In 2005, Atri, along with Ali Afshari, Mohsen Sazegara, Mohammad Maleki, Nasser Zarafshan and Abdollah Momeni, co-authored a petition calling for a national referendum on a new constitution. The referendum would provide Iranians the means to demand a new constitution based upon democratic values and universal principles of human rights. Since its publication, thirty-five thousand civil society activists, human rights organizations, academics, journalists have signed this petition.

Since leaving Iran, Atri has spoken on his country’s human rights situation and its civic led movements for democracy at universities, human rights organizations, and conferences worldwide. He has written for several Iranian reformist papers as well as American publications such as American Spectator and The Wall Street Journal. Atri serves on the board of the Committee on the Present Danger, and American organization devoted to countering terrorism and the spread of radical Islam.

In 2010, Atri and his wife Mariam Memarsadeghi created Tavaana: E-Learning Institute for Iranian Civil Society, an organization providing free online training and Persian and English learning resources to Iranians.

On March 2, 2006, Atri and Ali Afshari were invited to give a talk on human rights and democracy in Iran at a panel discussion organized at the U.S. Capitol.

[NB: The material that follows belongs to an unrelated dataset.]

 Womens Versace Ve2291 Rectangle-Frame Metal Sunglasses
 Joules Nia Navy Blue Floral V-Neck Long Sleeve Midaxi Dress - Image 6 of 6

Sponsored by the Foundation for Defense of Democracies and Iranian Students for Democracy and Human Rights, their talk discussed human rights abuses in Iran and the progress of Iran’s democracy movement.

Atri earned his BA and MA degrees in political science at Allameh Tabatabaei and Mofid universities. He earned his second MA from George Mason University in Conflict Resolution and Analysis. Atri is from the Azeri ethnic minority and speaks Azeri, Persian, and English.